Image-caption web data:
↓

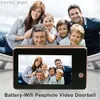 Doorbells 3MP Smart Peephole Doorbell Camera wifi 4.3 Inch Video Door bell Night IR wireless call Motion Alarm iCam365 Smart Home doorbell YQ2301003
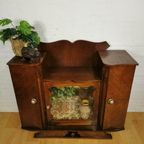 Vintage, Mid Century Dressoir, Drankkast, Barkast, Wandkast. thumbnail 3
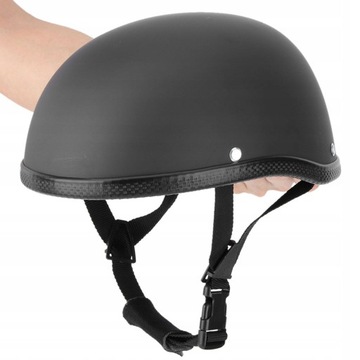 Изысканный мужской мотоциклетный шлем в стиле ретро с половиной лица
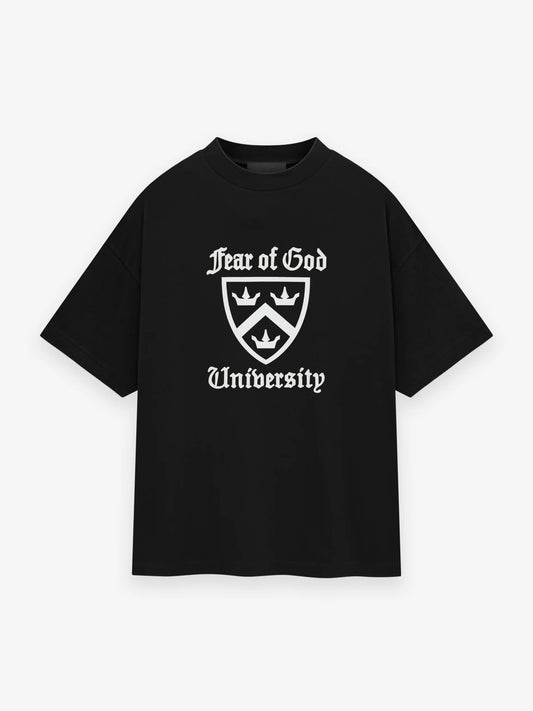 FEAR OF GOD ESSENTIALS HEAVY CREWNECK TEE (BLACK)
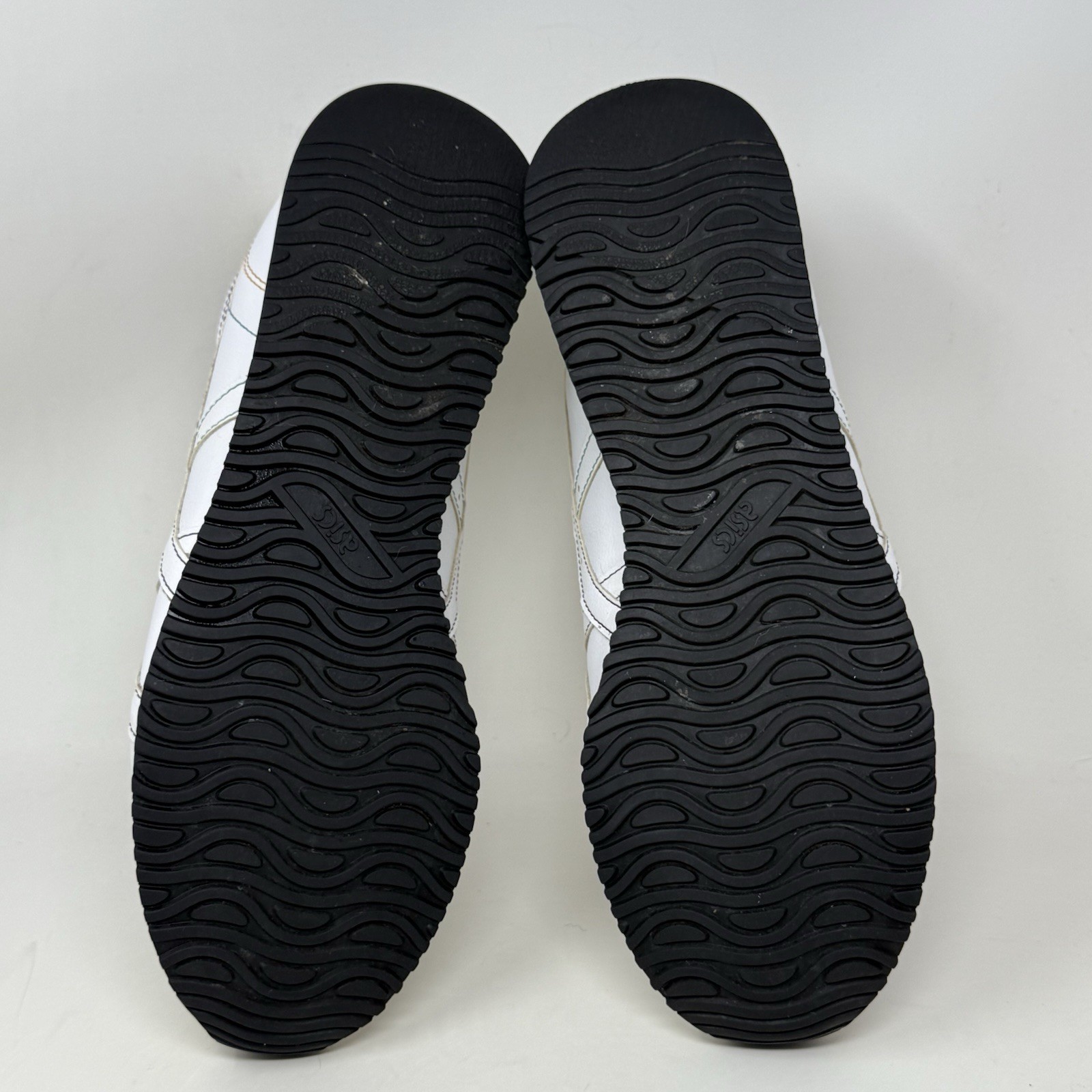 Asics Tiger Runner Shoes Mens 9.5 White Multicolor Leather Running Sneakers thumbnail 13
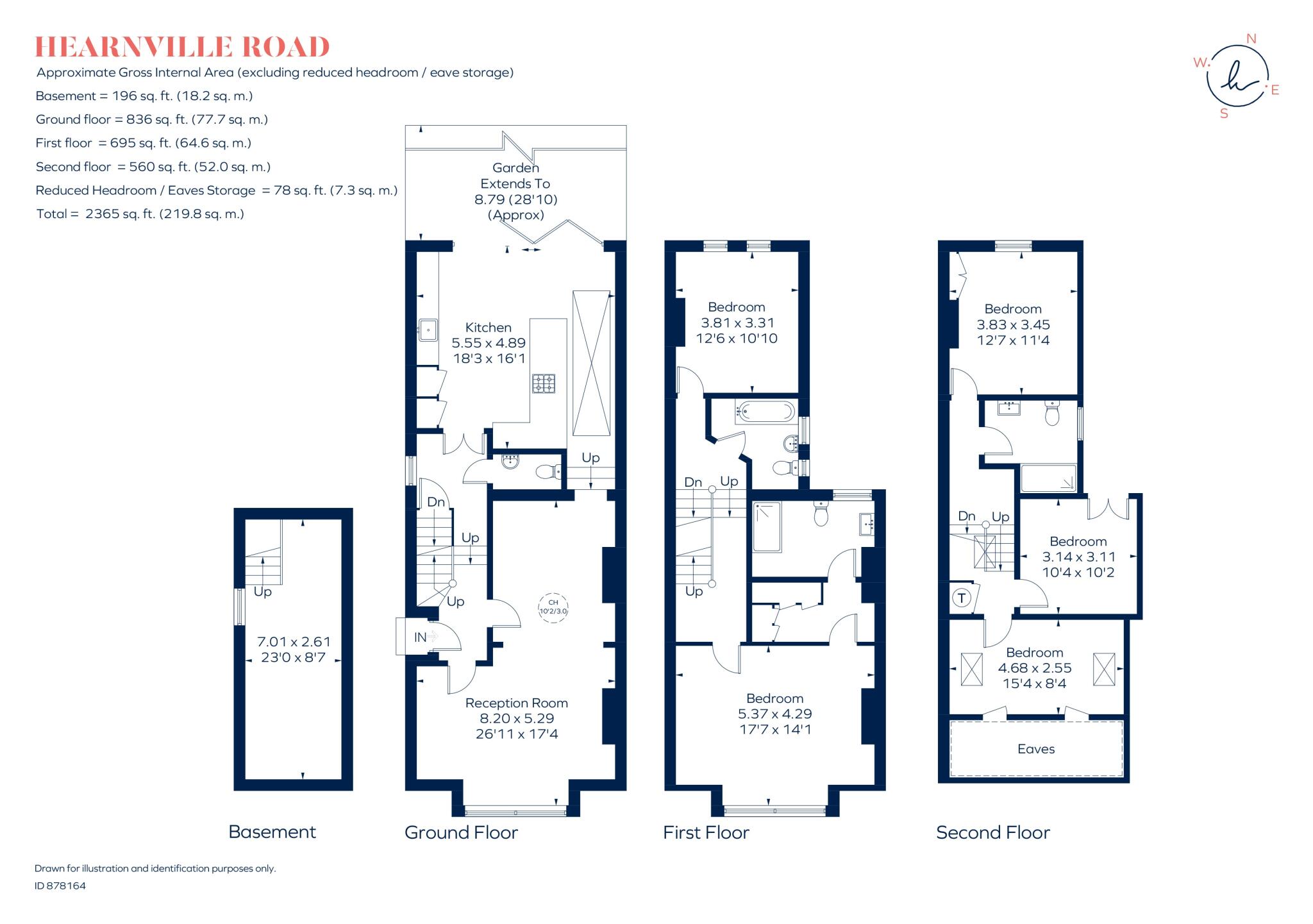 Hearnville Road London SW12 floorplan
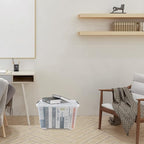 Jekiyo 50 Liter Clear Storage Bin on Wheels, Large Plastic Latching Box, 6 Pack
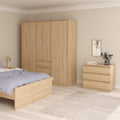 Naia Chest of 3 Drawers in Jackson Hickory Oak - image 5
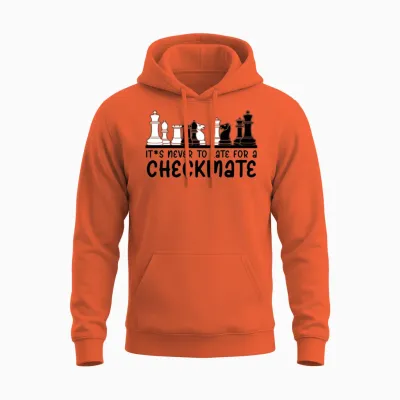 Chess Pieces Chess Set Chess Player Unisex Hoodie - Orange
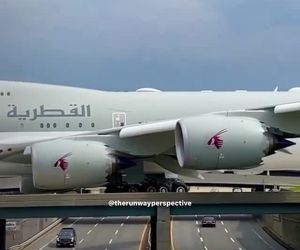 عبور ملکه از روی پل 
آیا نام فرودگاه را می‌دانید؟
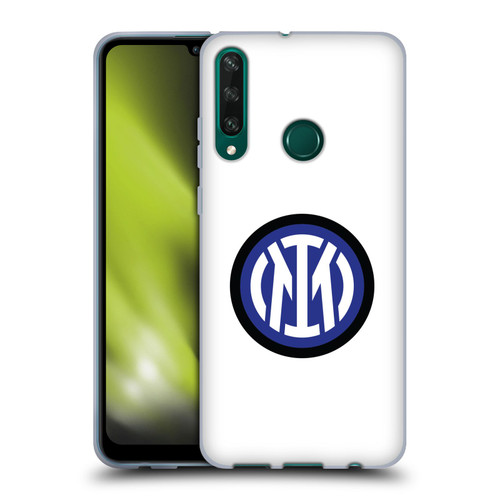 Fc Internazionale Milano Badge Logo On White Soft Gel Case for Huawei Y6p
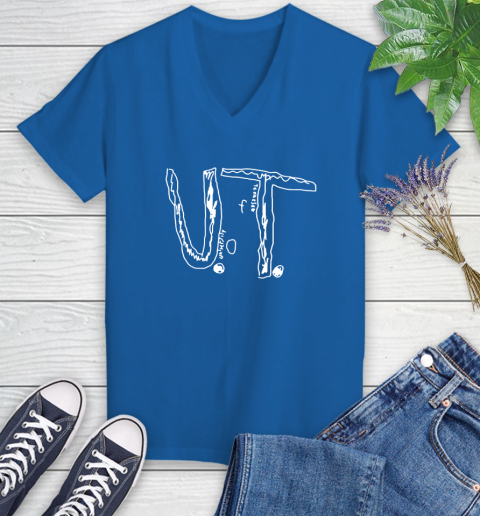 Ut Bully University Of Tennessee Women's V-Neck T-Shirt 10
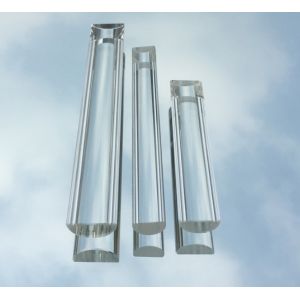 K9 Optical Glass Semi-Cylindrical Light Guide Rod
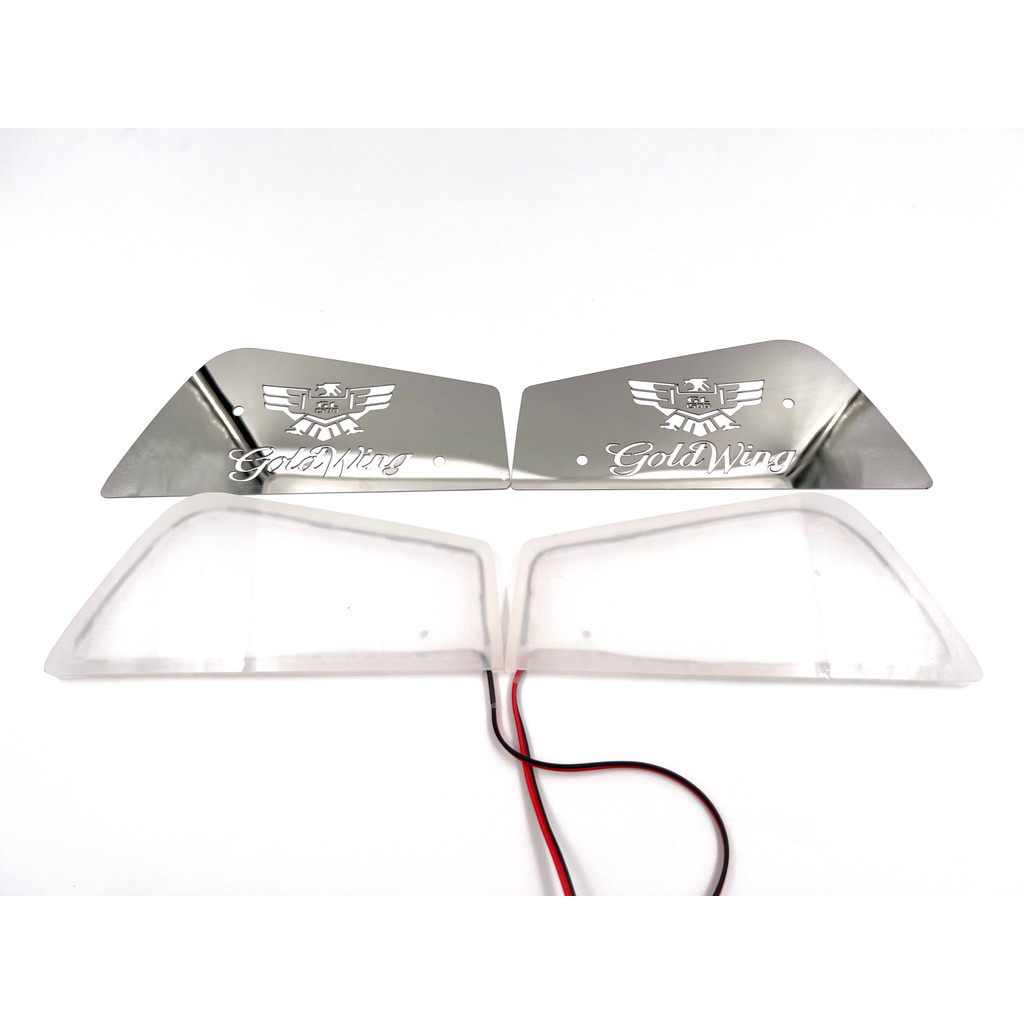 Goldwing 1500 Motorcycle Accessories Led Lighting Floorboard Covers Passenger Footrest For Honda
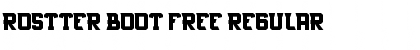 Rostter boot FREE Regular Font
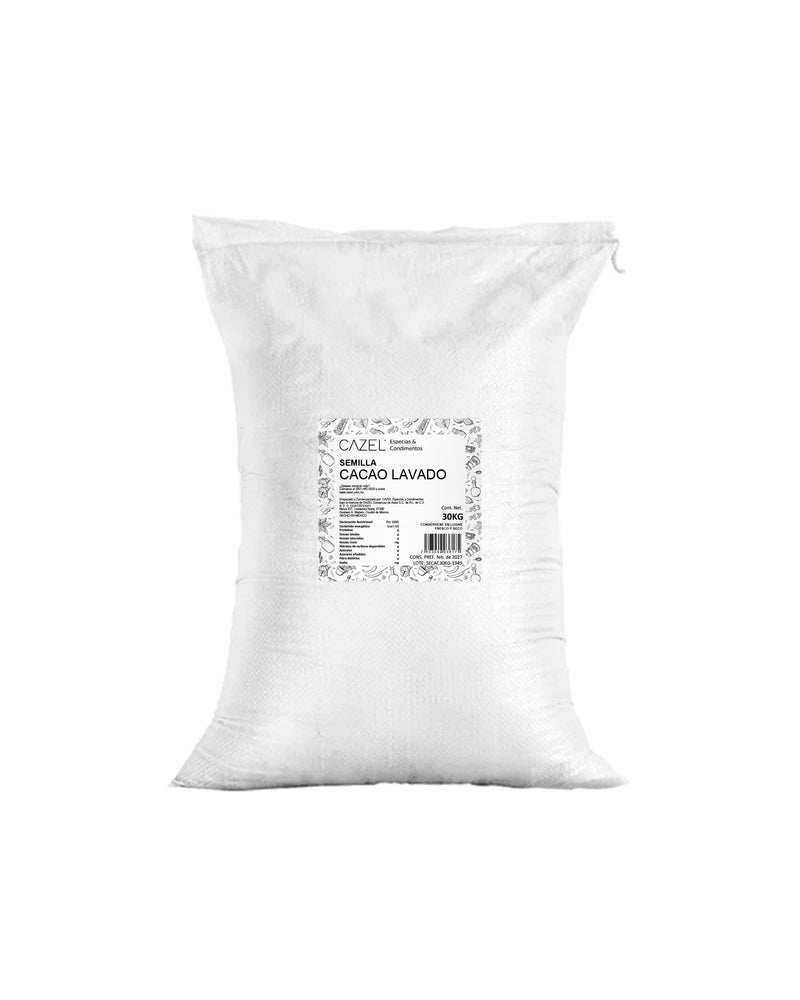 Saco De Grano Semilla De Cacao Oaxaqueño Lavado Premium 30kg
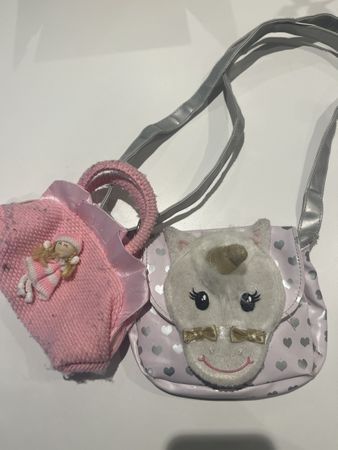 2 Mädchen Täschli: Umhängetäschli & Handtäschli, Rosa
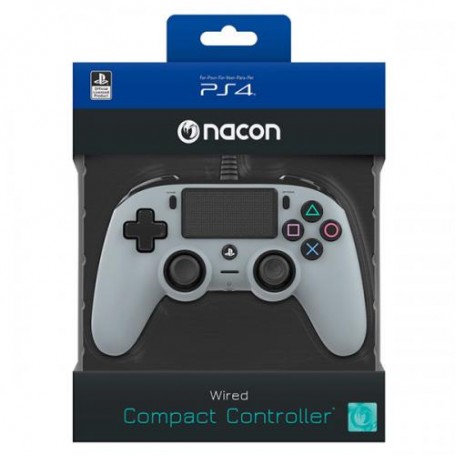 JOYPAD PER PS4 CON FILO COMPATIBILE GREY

↑

◆ The problem:
After locating "Chess Pieces Chess" and "Rostter boot FREE Regular Font" in the records above, return exactly the line holding each one and every line between them; leave out the pictures.

◆ Exercise solution:
 Chess Pieces Chess Set Chess Player Unisex Hoodie - Orange
 عبور ملکه از روی پل 
آیا نام فرودگاه را می‌دانید؟
 Fc Internazionale Milano Badge Logo On White Soft Gel Case for Huawei Y6p
 Ut Bully University Of Tennessee Women's V-Neck T-Shirt 10
 K9 Optical Glass Semi-Cylindrical Light Guide Rod
 Goldwing 1500 Motorcycle Accessories Led Lighting Floorboard Covers Passenger Footrest For Honda
 Rostter boot FREE Regular Font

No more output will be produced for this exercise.